We have reviewed such corporate records, certificates and other documents, and such questions of law, as we have considered necessary or appropriate for the purposes of this opinion. We have assumed that all signatures are genuine, that all documents submitted to us as originals are authentic and that all copies of documents submitted to us conform to the originals.

 

We have relied as to certain matters on information obtained from public officials, officers of the Company and other sources believed by us to be responsible.

 

Based upon the foregoing, we are of the opinion that the Shares have been duly authorized and, when issued and paid for in accordance with the terms of the Plan (where applicable) and any individual agreements relating to such Shares, the Shares will be validly issued, fully paid and non-assessable.

 

We are members of the bar of the Commonwealth of Massachusetts.
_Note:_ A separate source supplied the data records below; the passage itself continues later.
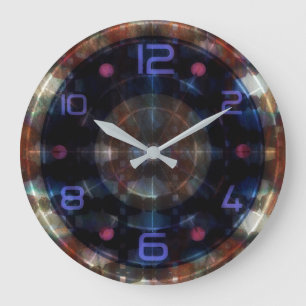 o202 Ultra, Remix  Große Wanduhr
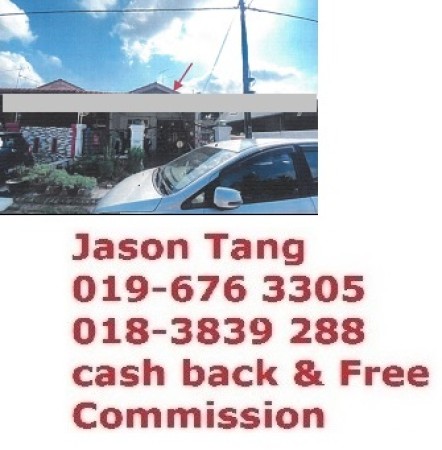 Terrace House For Auction at Bandar Putra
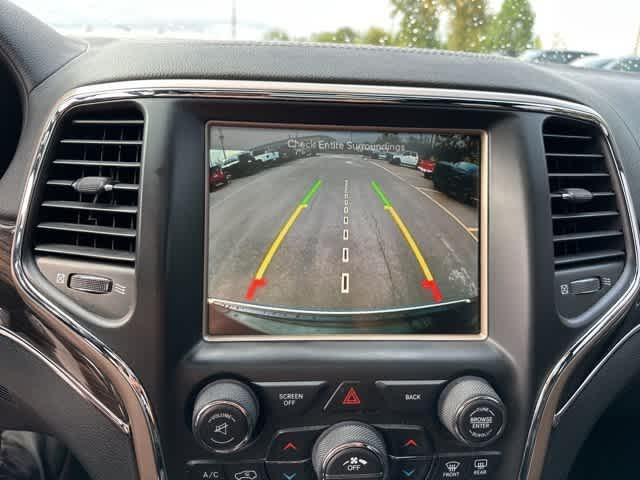 used 2017 Jeep Grand Cherokee car, priced at $14,739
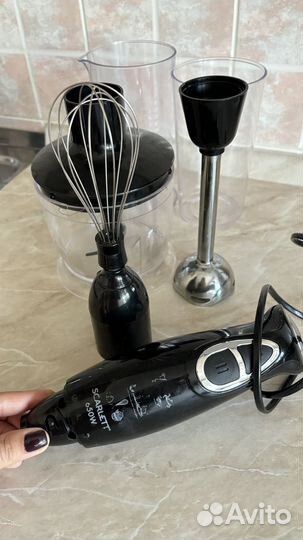 Блендер погружной scarlett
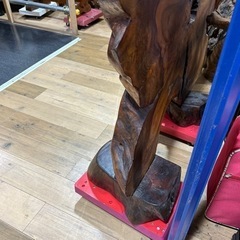 ☆オススメ☆ 衝立　木　和家具　和風インテリア　年代物　置物　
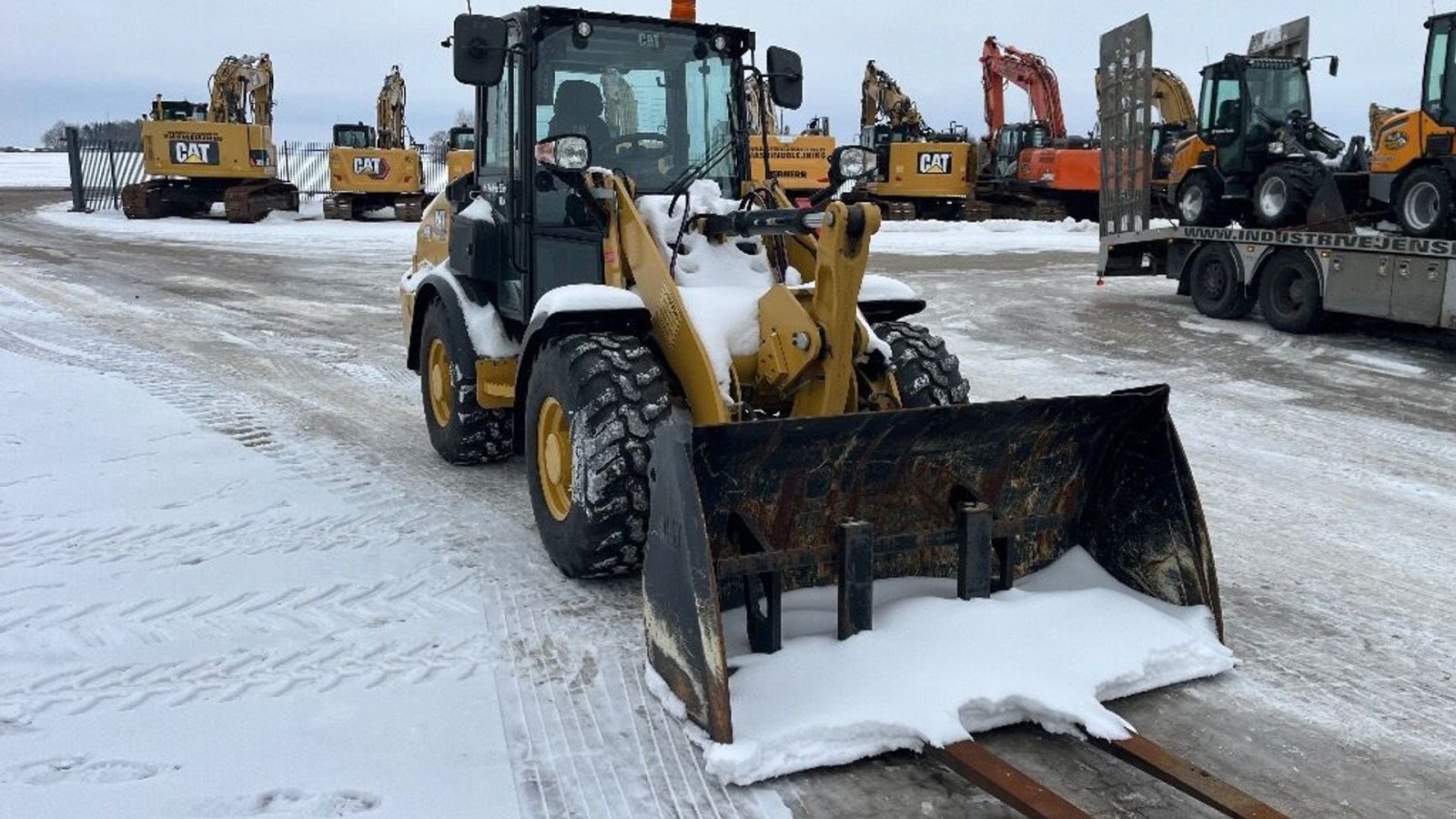 Radlader typu Caterpillar Cat 906, Gebrauchtmaschine v Rødovre (Obrázek 3)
We do not express any opinion herein on any laws other than the General Corporation Law of the State of Delaware and reported judicial decisions interpreting these laws.

 

We hereby consent to the filing of this opinion as Exhibit 5.1 to the Registration Statement. In giving such consent, we do not thereby admit that we are in the category of persons whose consent is required under Section 7 of the Act.